Mansplain man
Ok, I think you have heard me rant about "tech guys talking to tech girls".
Situation
When let say fixing something on a server, a $person asks a guy something like
Question: "Hey, do you remember what parameter of rsync to apply to replicate also the ACL settings?"
Answer
if [ "personB" = "girl" ]; then print{"Oh, rsync is a command for the command line. Maybe you want to try FileZilla? It has a really easy graphical interface."} else print{"Check -A, should do."} fi
Solution
During the years of receiving this retrograde treatment, I was grateful that when I do "man rsync" the output is not sorted and adjusted to my perceived gender alignment and in accordance with the ruling stereotypes.
So I thought that it could be interesting to materialise this situation.

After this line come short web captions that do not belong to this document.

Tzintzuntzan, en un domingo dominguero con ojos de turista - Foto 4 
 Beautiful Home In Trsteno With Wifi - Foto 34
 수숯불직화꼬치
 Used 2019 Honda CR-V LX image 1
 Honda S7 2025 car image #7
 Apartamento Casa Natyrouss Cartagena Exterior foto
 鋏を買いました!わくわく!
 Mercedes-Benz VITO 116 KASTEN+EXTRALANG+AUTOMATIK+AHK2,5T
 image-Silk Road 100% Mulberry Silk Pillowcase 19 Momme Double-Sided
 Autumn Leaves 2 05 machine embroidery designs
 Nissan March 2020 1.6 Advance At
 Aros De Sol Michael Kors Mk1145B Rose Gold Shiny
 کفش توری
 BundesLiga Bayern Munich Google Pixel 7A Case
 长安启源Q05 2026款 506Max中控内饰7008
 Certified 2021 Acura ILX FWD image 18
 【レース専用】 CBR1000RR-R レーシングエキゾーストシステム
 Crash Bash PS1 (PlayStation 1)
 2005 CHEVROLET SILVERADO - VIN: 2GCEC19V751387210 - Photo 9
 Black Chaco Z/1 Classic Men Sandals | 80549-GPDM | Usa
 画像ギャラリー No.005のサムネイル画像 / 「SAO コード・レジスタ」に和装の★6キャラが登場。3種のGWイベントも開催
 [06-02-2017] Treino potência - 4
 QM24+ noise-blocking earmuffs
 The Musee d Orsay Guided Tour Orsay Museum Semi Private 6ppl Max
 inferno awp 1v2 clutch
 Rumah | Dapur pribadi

We could collect such marvelous experiences and rewrite the man pages, so if you invoke "man rsync" you get the typical man page. But if you invoke "mansplain rsync" you get the mansplainer version.
Examples:
# man ls List information about the FILEs (the current directory by default). Sort entries alphabetically if none of -cftuvSUX nor --sort is speci‐ fied.
But then :
# mansplain ls ls stands for list. It is a command. It is something that you type in this scary black screen. After you typed 'ls' you can either press Enter (the big key on the keyboard), or you can write something more. But don't bother now about options, you will not need them in most of the cases, better you don't.
I am curious how far would get all this exceptional mansplainer geeks getting mostly this kind of input.